Grouchy staff members who appear burdened at their jobs, with no time to take a break or have lunch (as I was informed) are also a clear indication of not enjoying either their work or their work place; not having the tools or procedures in place to work efficiently and effectively and/or not being interested in having positive interaction with their customers – they rather use the power of their positions against the customer, rather than for the customers’ benefit. If you vex and we vex, what good will come of that? Let’s work together to find positive solutions for everyone!
In this technological age, there is no need for persons to be standing outside in the wee hours of the morning in an attempt to get served. If the registration process is organized properly, persons can arrive at a sensible hour, be processed quickly and leave within a reasonable time frame.
a) There should be a registration desk on the outside with a numbered sheet for customers to sign as they arrive, then have a seat. At 8 a.m. a staff member, equipped with a portable waistband PA system, would man the desk with a laptop computer showing a numbered spreadsheet listing the various categories of applicants: new born babies, old passport to e-passport registrations, e-passport renewals and any others.
b) Customers would then approach the registration desk in number order when their names are called (using the microphone headset on the PA system instead of shouting), until everyone’s name is entered in the appropriate category column, with any senior citizen/disabled persons in attendance being identified so that they can be seen first in their category.
Since the Passport Office is aware of how many applicants they can process in a day, once that quota is reached, any other applicant’s name can be placed on the following day’s roster (which should be limited to an additional five persons) and the applicant can then leave knowing they can return the following day and be seen, rather than having to wait for four hours before being turned away!
c) This registration process would not take long, and the list generated would be the working list for the day’s activities. It should be uploaded on to a monitor inside so that applicants can see the progress of their group in real time (just like ordering pizza or waiting to be seen at the Cable office!)
Once inside, the various categories would then be directed systematically to other staff members’ stations where they can have their documents checked to make sure they are in order. They will also receive their forms to pay the cashier and get their receipts. Once their number is called for processing, their time spent at the counter would be minimized since their documentation would have already been checked.
This method would allow many more persons to be processed in a day. If e-passport renewals require a mere 10 to 15-minute processing time, there should be one cubicle dedicated to renewals throughout the day so that more renewal applicants can be served.

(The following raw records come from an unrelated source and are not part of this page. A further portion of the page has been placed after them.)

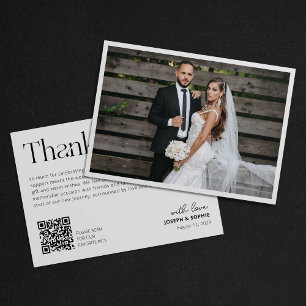 Remerciements Carte de remerciement de mariage minimaliste avec 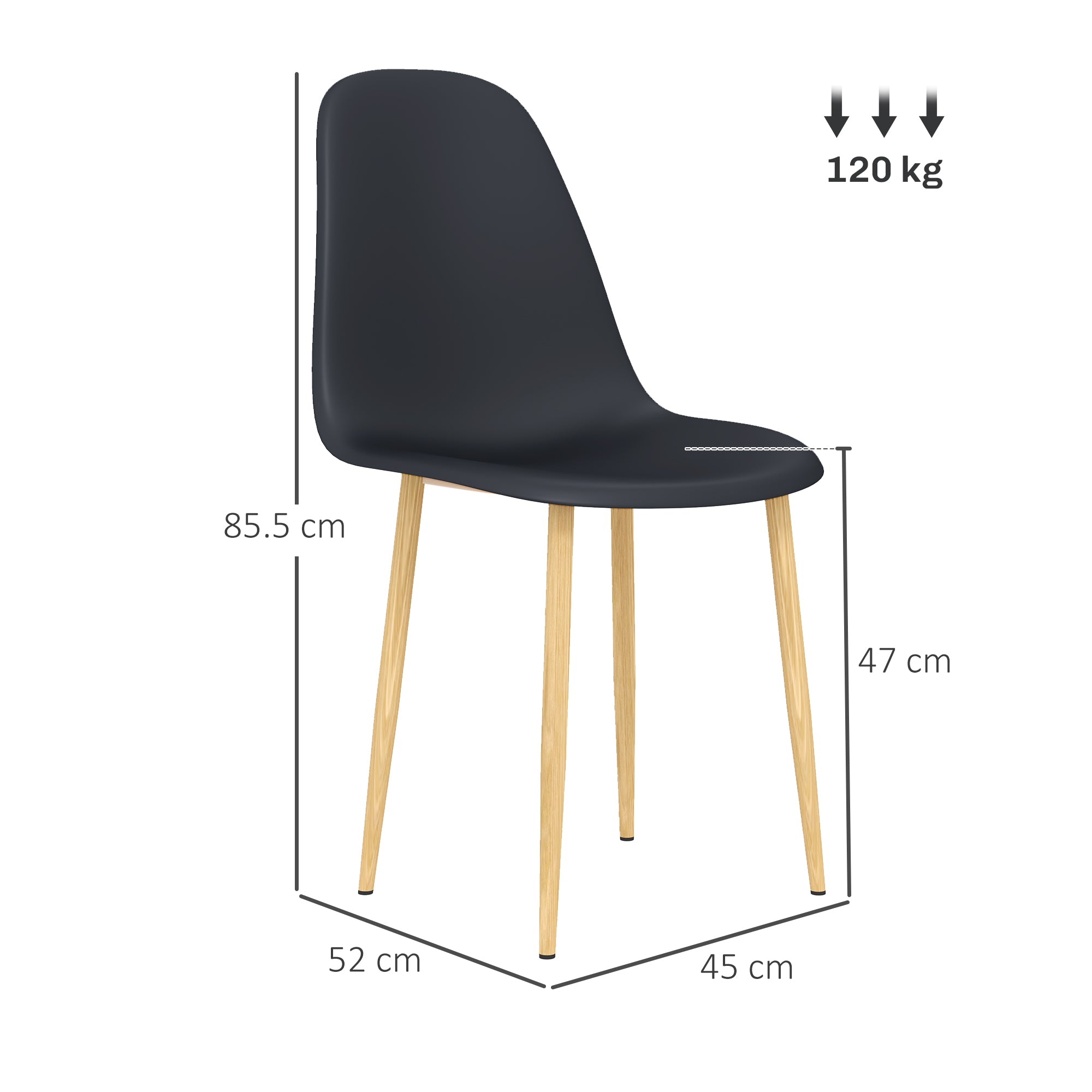 HOMCOM Modern Dining Chairs Set of 4, Kitchen Chairs with Backrest and Steel Legs for Dining Room, Living Room, Black - North Peak Garden Furniture
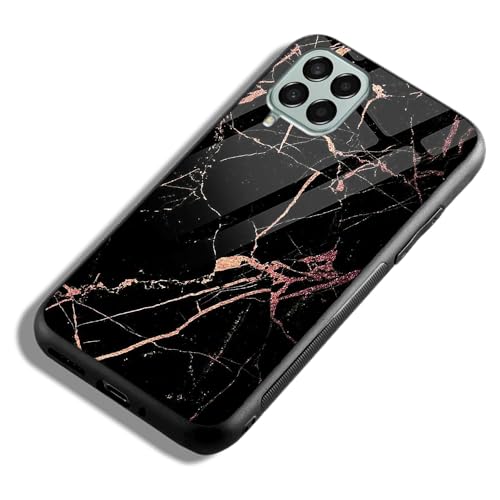Image of COLORflow Back Cover Compatible with Samsung Galaxy M12 / A12 / F12 | Black Marble Golden | Shockproof TPU Bumper Cover with Camera Protection Back Cover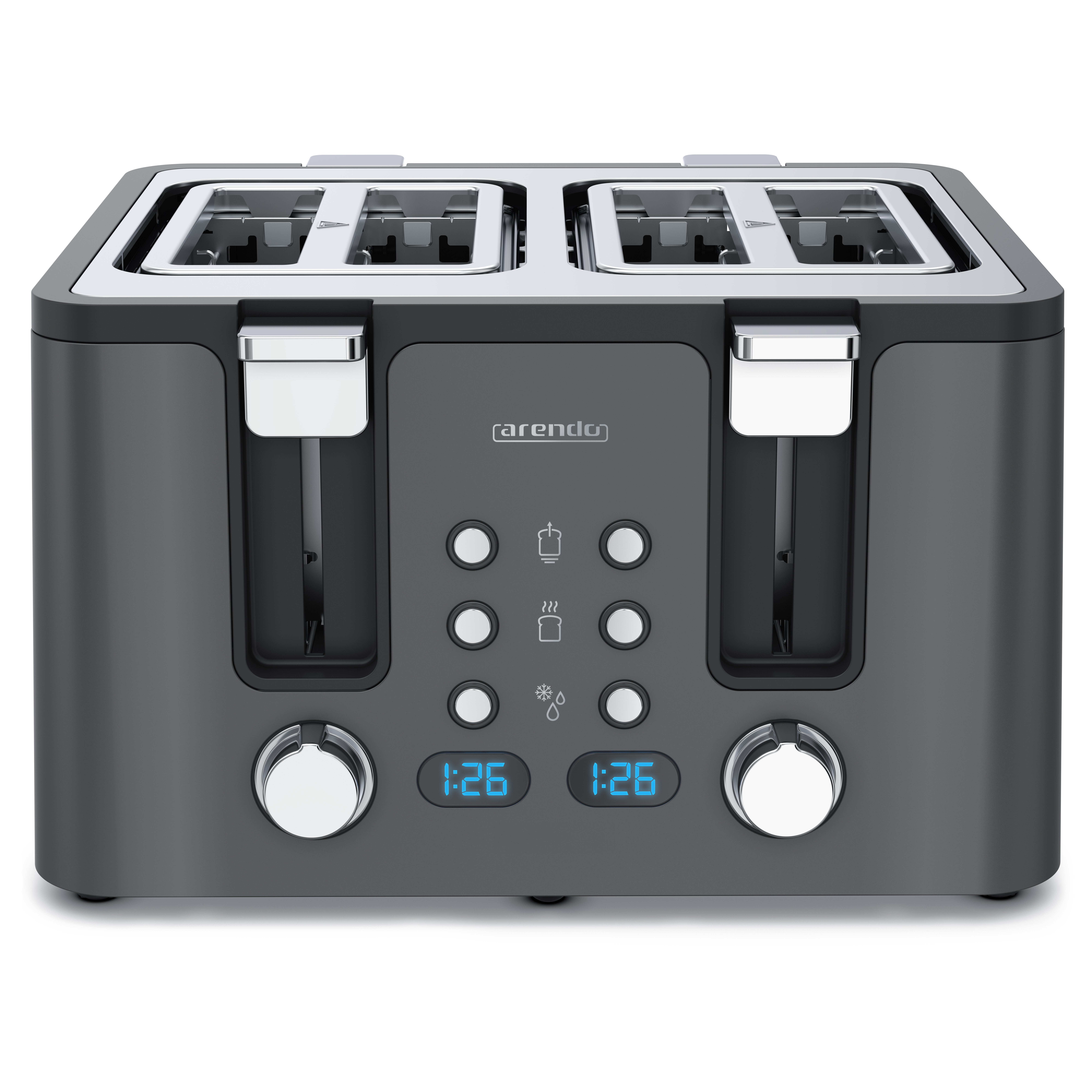 Toaster Edelstahl, Brötchenaufsatz, Restzeitanzeige, Cool Grey Design
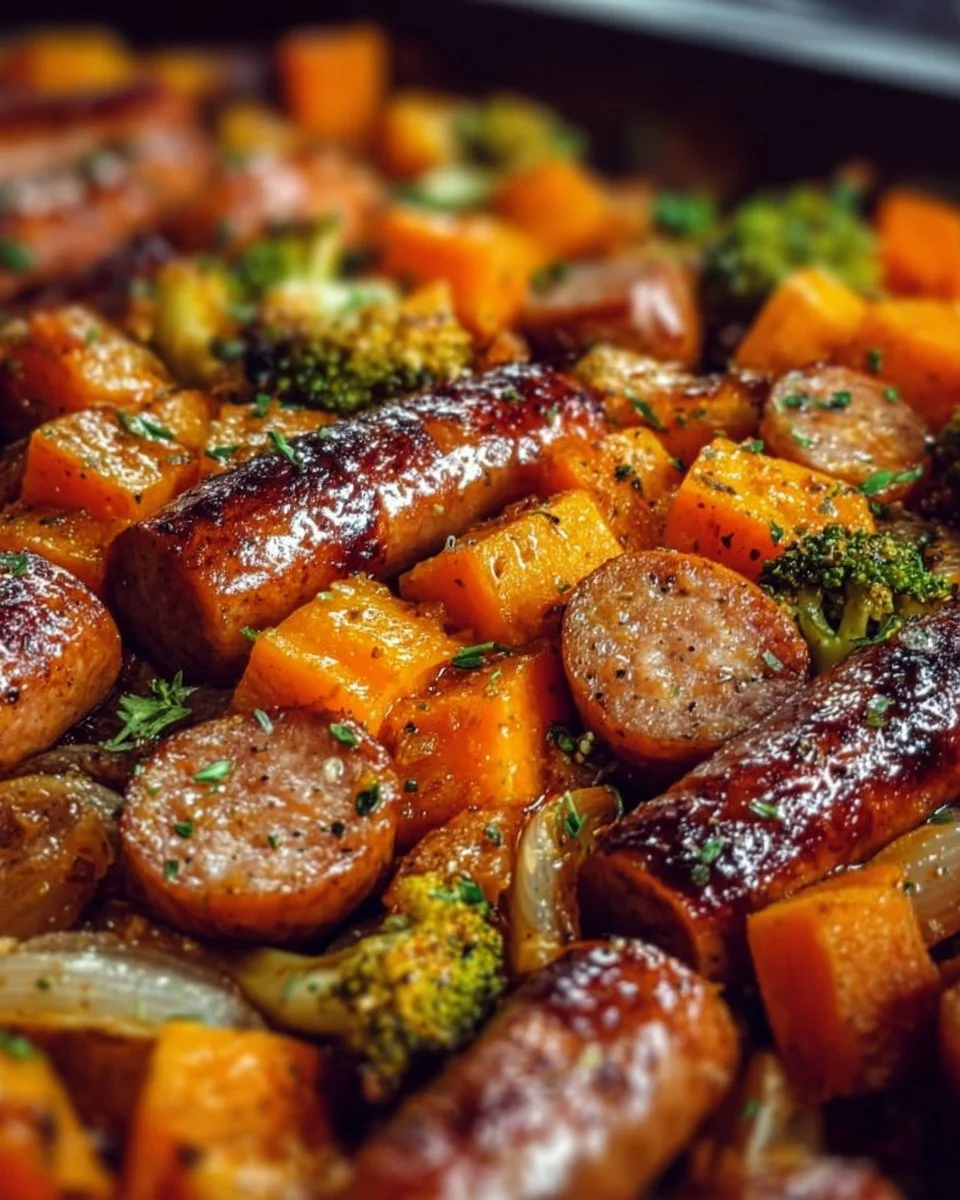 Sheet Pan Sausage and Sweet Potatoes with Honey Garlic Sauce – Cozy, Caramelized & Weeknight-Easy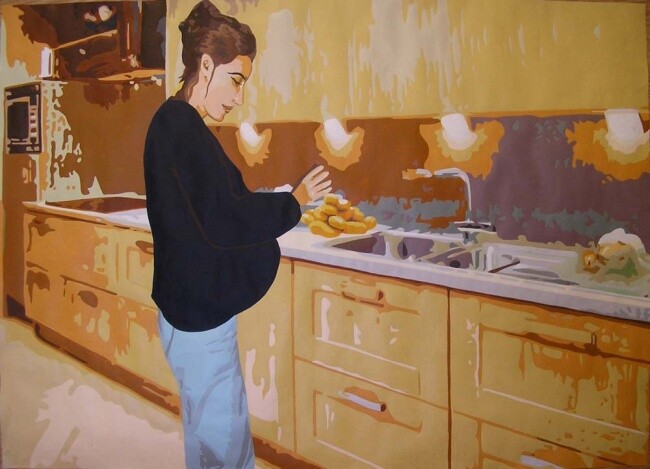 Peinture intitulée "cuisine" par Uriel Vallois, Œuvre d'art originale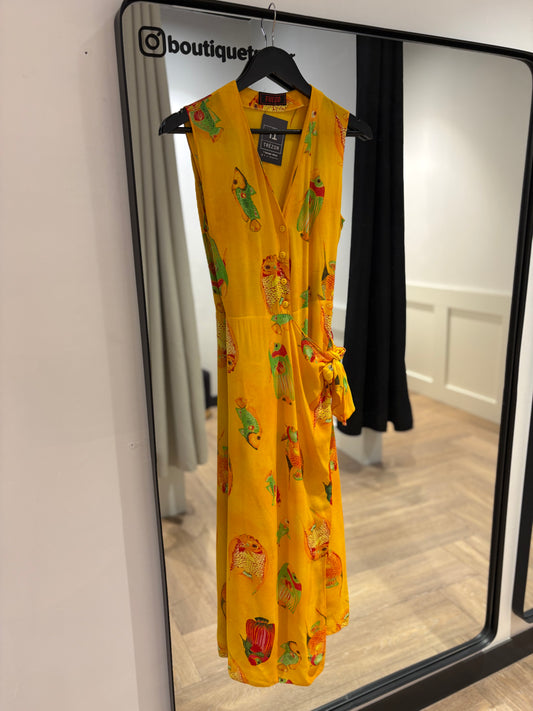 Robe longue vintage à motifs poissons S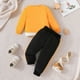 thumbnail image 3 of Gibobby Conjunto de ropa de bebé Conjunto de ropa deportiva informal de dos piezas para niños pequeños, de retazos de manga larga, pantalones de Color sólido(Amarillo,18-24 Months ), 3 of 5
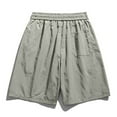 thumbnail image 3 of PiGOGI Men's Summer Ice Silk Shorts, Solid Color Nylon Casual Sports Five Quarter Pants for Outdoor Gray S, 3 of 5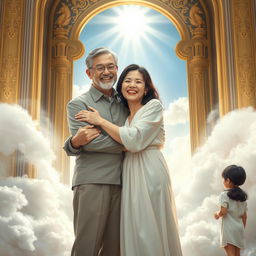 A touching scene at the gates of heaven, showcasing a joyful reunion between a 60-year-old white husband with brunette hair and his 43-year-old oriental brunette-haired wife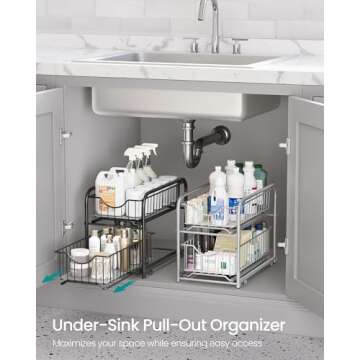SONGMICS 2-Tier Adjustable Pull Out Organizer - Stackable and Versatile for Home Storage Solutions
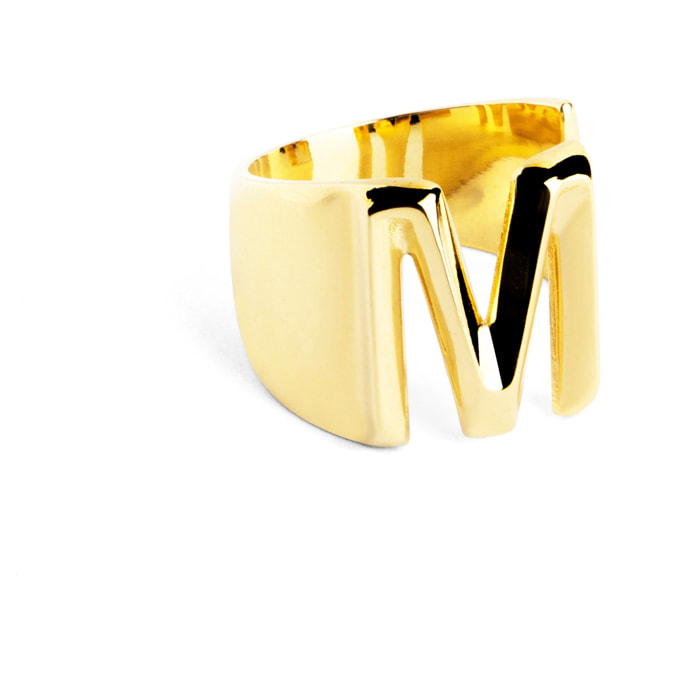Anillo Personalizado Letter Signet Baño Oro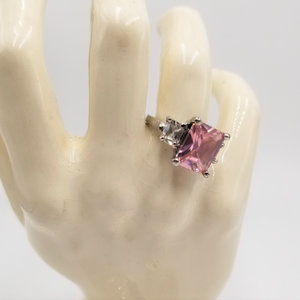 Fun Vintage Silver Tone Large Pink and Clear Princess Cut Cubic Zirconia Fashion Ring Size 5.75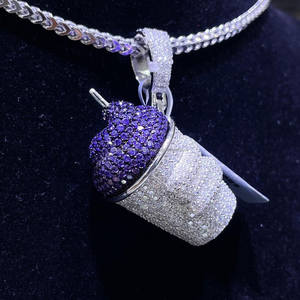 Hip Hop <b>Men</b> Custom Iced Cup <b>Pendant</b> Necklace Bling Lab Grown Diamond Charm with Rapper Style Purple Iced Cup Fine <b>Pendants</b> - Product Image 4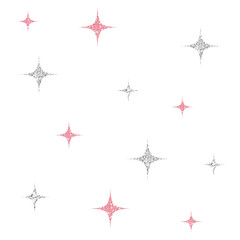 seamless silver and pink glitter star pattern background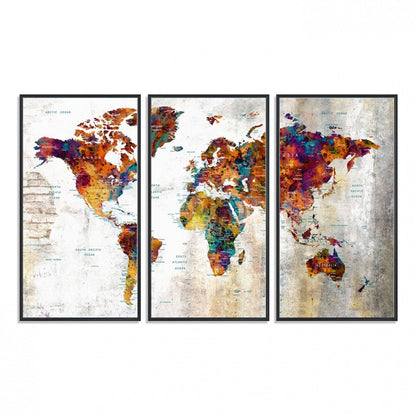 17846-MGV-FC-48X32-3P_Black-Grunge Map on Canvas Gallery Wall Set of 3 Panels Gift Traveler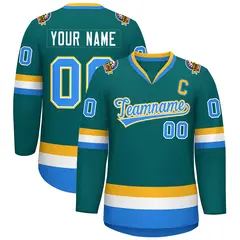 Teal Powder Blue White-Gold Classic Style Hockey Jersey 1
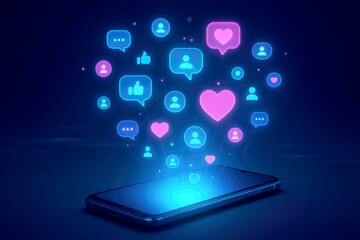 Glowing social mediAIcons emanating from a smartphone likes hearts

A locked suggestion box should be available for customers’ use and it should be opened by someone at the permanent secretary level for weekly review. How many times do the ‘higher-ups’ visit offices under their purview to observe what exactly is taking place and confer with staff on a regular basis for feedback?
These letters have taken quite a lot of effort to write, and it is hoped that they are received positively and will achieve mutually beneficial results for us all.